Last week the California legislature voted for pension reform. In doing so, the Democratic Party announced they had passed sustainable pension reform. The Democratic Party now thinks they are entitled to ask voters to pass Proposition 30, which would increase taxes in order to “save our schools”.
The real problem remains; California public pensions have a half of a trillion dollars in unfunded liabilities and the pension reforms passed last week only save this state $30 to $60 billion over the next thirty years.
This reminds me of the story where a man had engine problems and the mechanic refused to fix the engine but insisted upon re-upholstering the leather seats. Everyone knew that the car needed a tune-up and that the mechanic was fully capable of taking care of the car. However, the mechanic refused to properly maintain the car because his friend owned the leather shop and the mechanic received a kickback every time he re-upholstered someone’s seats.
The moral of the story is that re-upholstering the seats does not fix a car’s mechanical problems. In the same way, minor cosmetic reforms do not cure a deeper unfunded public pension problem.
To be fair, Assembly Bill 340, Public Pension Reform, did address a few necessary areas. The bill ends the “spiking” of wages where employees are given big raises at the end of their career to inflate pensions and the bill also raises the retirement age. These areas will bring cost savings. A few of Governor Brown’s original 12-point plan passed, but most did not. One point I was hoping would have passed was a 401(K) hybrid approach to reducing the cost of pensions.

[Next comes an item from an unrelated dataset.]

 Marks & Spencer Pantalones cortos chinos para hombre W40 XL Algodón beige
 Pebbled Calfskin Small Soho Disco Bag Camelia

After reading the bill, I noticed a recurring sentence. “Beginning January 1, 2013, new employees” reveals why the present problem is not solved. New employees will have benefits capped and will pay one half of the cost of their pensions. While I am all for saving money, in order to have sustainable pension reforms, the voters of California need to be able to amend the Constitution to fix the public pension problem on public employee’s unearned future benefits.
When asked if the pension reform bill will be a lot of help, Chris Burdick, a pension reform expert, said “No.”
Governor Brown’s other motive for “pension reform” was to persuade the voters that Sacramento is working to make the state solvent once again. Sacramento has a well-deserved reputation for back room dealing, lack of transparency, and political pay backs. Governor Brown is hoping that with this gesture of reform we will all feel good, forget the sordid past, and vote for his proposed tax hikes so that the Boondoggle Train and other pet projects like the water tunnels channeling water to Los Angeles can be funded. I do not see Proposition 30 and pension reform as related in any way. While the pension reform is a start in the right direction, I still am opposed to Proposition 30.
It is time for the California legislature to become serious about solving some of California’s financial problems. California has the lowest credit rating at A-, (13 states have a perfect AAA credit rating). California is losing 4.9 Corporations each week to other states. California is experiencing 20.3% unemployment/underemployment. California has a $500,000,000 unfunded pension liability. Now the Democratic leadership thinks that their attempts to put a Band-Aid on gangrene should entitle them to be entrusted with more of your money. I think not.